Off The Beaten Track

Debt Elimination: The Second Half

There are many reasons why getting out of debt is very difficult, if not downright impossible for some. Reasons can go from simply being addicted to debt or buying things using credit, or a person can lose their job and find that they are unable to pay off their debt because they no longer have an income. however, some people simply accept debt as part of their lifestyle and aren’t aware of how crippling it is until they’re in way too deep. The journey to being debt free can be emotionally taxing so it’s important to know how to deal with setbacks and the impact they have on your life.

You’re going to be tempted to spend using credit. Resist.

If you find yourself tempted to take up a loan, or swipe your credit card, sleep on it before you make any decisions. And don’t just sleep on it for one night, give yourself a few days. Look at your debt elimination time line, consider how much longer you’ll be indebted is you do decide to go ahead with this purchase. If you need to, speak to someone you trust and be accountable to them.
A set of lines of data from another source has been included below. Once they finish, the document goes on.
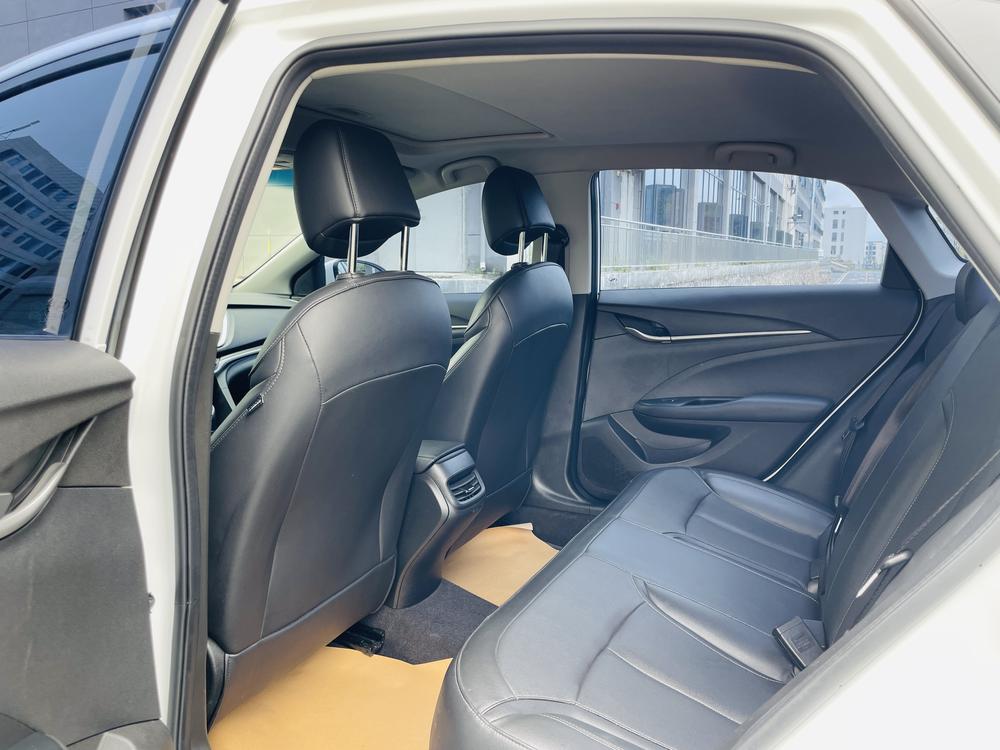 Buick Excelle 2021 Facelift Classic 1.5L Automatic Elite – фото 9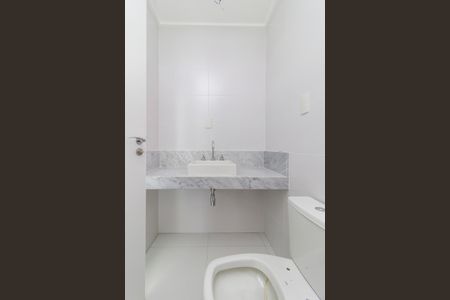 Apartamento à venda com 227m², 4 quartos e 4 vagasSuíte 3 - Banheiro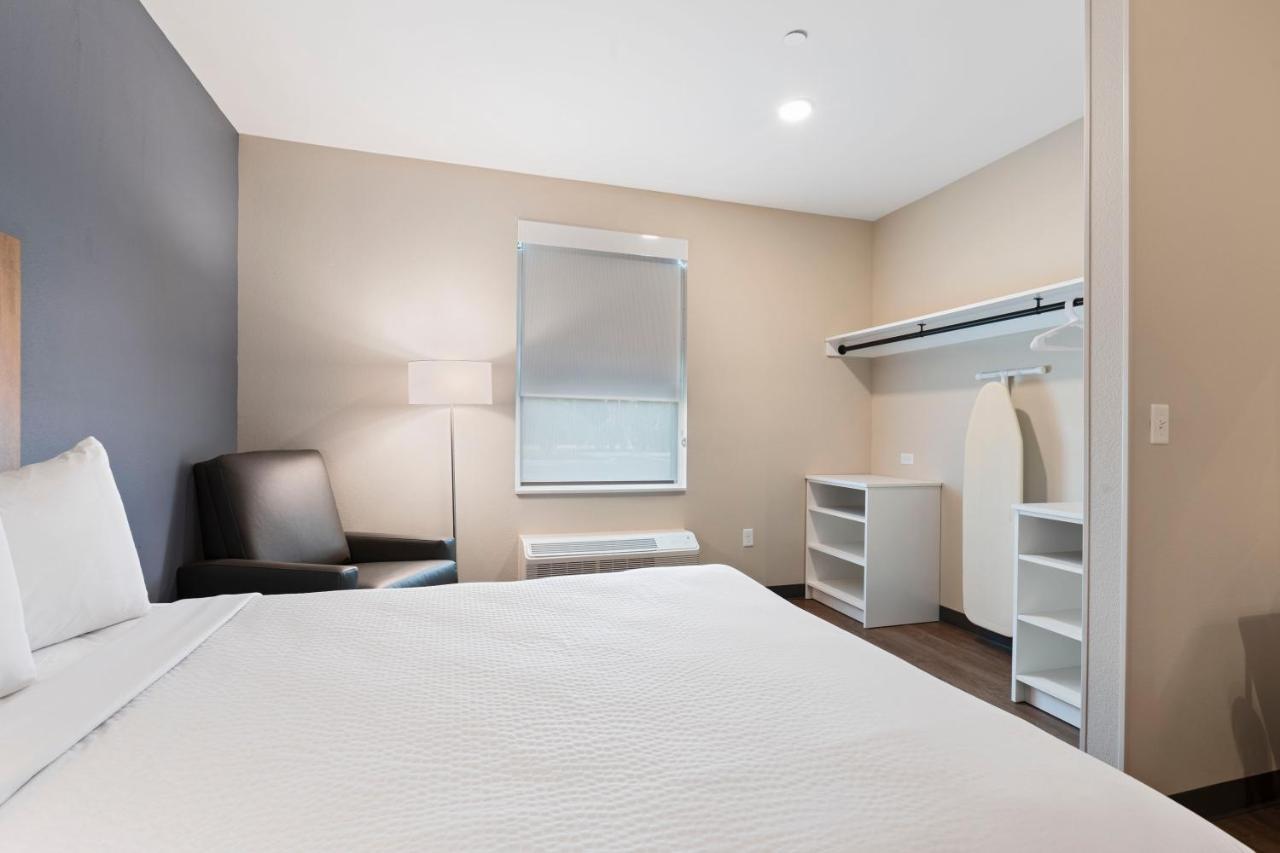 Extended Stay America Premier Suites - Orlando - Sanford Zewnętrze zdjęcie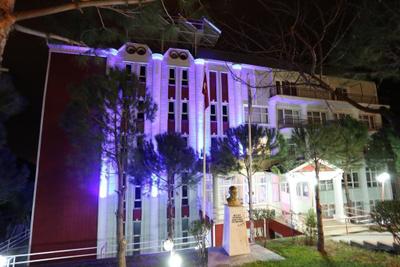 Bergama Ogretmen Evi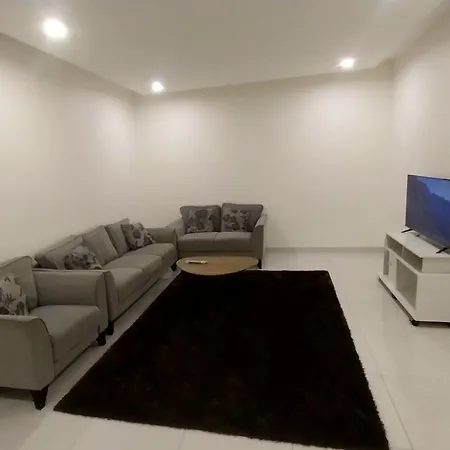 Beach Star Residency Muscat Room photo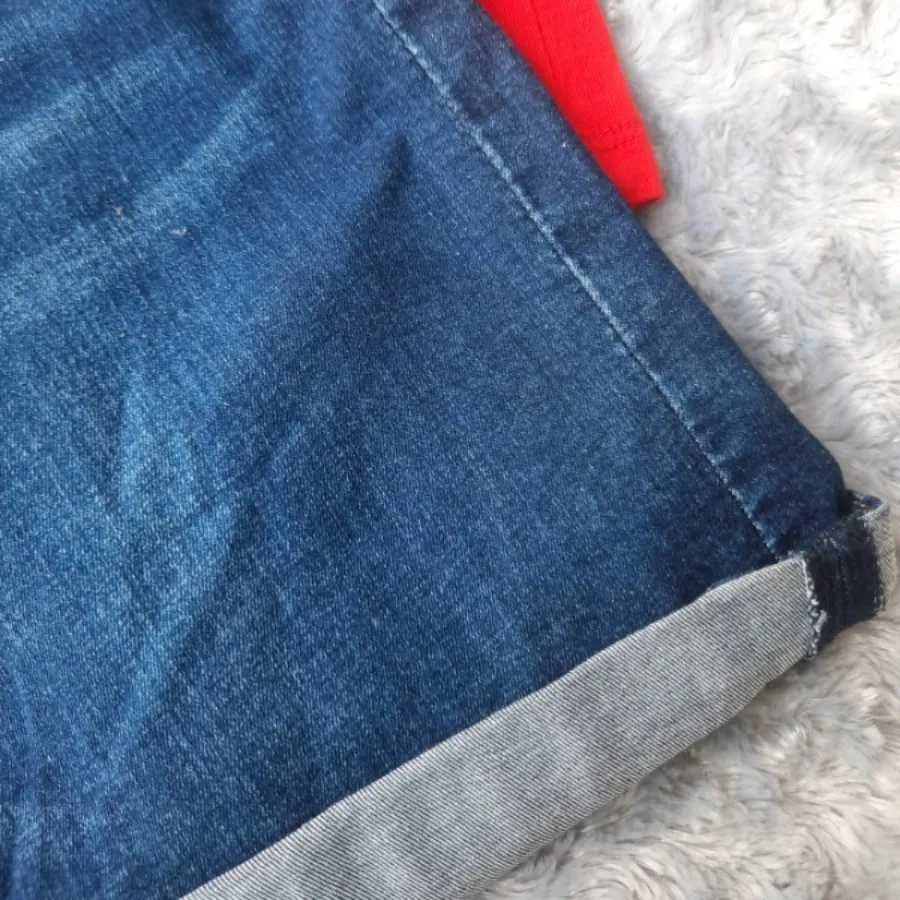 بلوز شرت پسرونه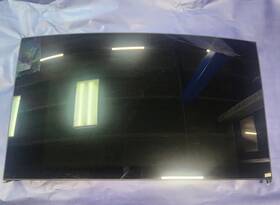 81630-c1000 Hyundai 2015-2019 Sonata Center Panoramic Sliding Moonroof Glass Oem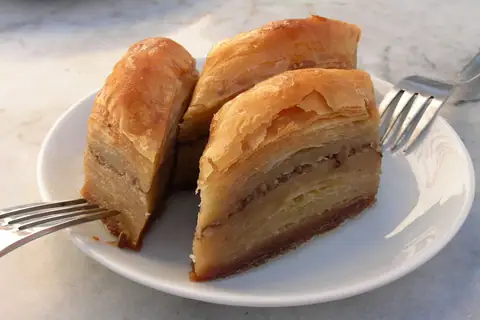 Sol Bakery & Cafe @ Chicklade SS photo 3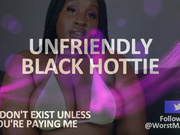 Obsessed With Black Sex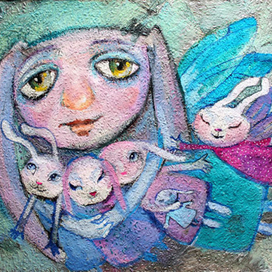 Я научу Вас летать.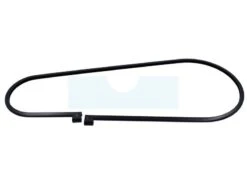 Jonc De Carter De Transmission Pour Motobineuse Pubert (12711041)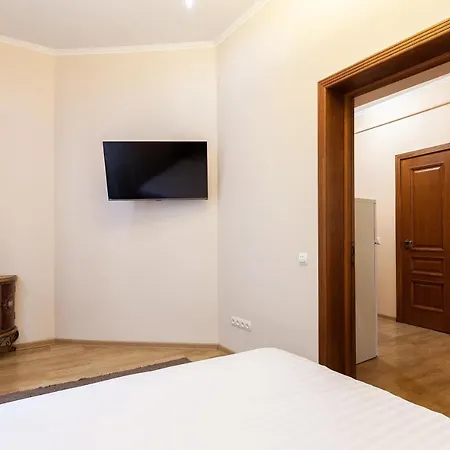 Apartment Romari лесі українки Lviv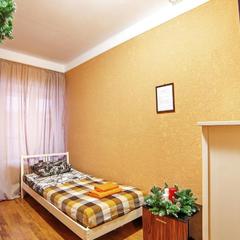 Отель Вилла, Носово, Московская область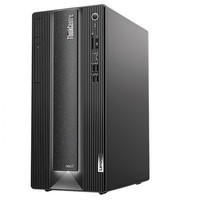 Lenovo 联想 ThinkCentre neo P780 商用台式电脑主机 （i7-12700KF、16GB、512GB SSD+1TB、RTX3060Ti）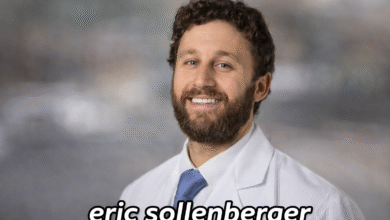 eric sollenberger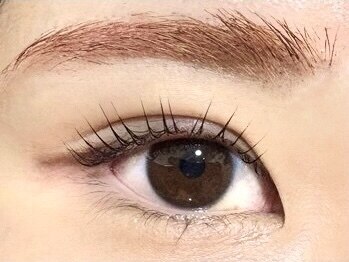 ムク 金沢八景(muk.)/パリジェンヌラッシュリフト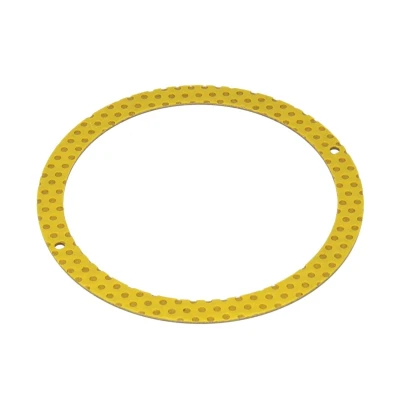 Afbeelding van Drukschijf, veegbok AUGER 56646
Help yourself, remove the temptation.

Once you’ve decided to eliminate all debt from your life, it’s important to get rid of all debt baits. Cut up and burn the credit card. If your don’t want to destroy your credit card, but want to stop yourself from spending, take a 5 litre ice cream tub, fill it up halfway and pop it into the freezer. Once it’s half frozen, take your credit card, throw it in there, fill it up all the way, and keep it in your freezer.

Source: Pando.com

Keep an open channel of communication with your creditors

Should you run into cash flow problems and find yourself unable to pay for one or more of your accounts, you need to be let your creditors know. Don’t worry about them saying no, they can’t. Simply ignoring them will only cause you more problems.

Make a conscious effort to change your money habits

Write things down. Account for all your spending. Don’t ever be in a situation where money “disappears” and you have no idea where it’s gone. Learn to budget.

Automate everything (or as much as possible)

This will help you stick to your goals. Set up payments to debtors automatically. This way you don’t have to keep remembering to pay, the money will go straight from your account to them. Automate savings as well. Make your savings aren’t too easily accessible either, in case you’re tempted to dip into them for things that aren’t emergencies.

Be realistic

Nothing will demotivate you more that setting unrealistic goals. For instance, you cannot allocate all your disposable income to paying off debt in your budget. It’s never a good idea to be without cash completely. Leave yourself a little room to manoeuvre.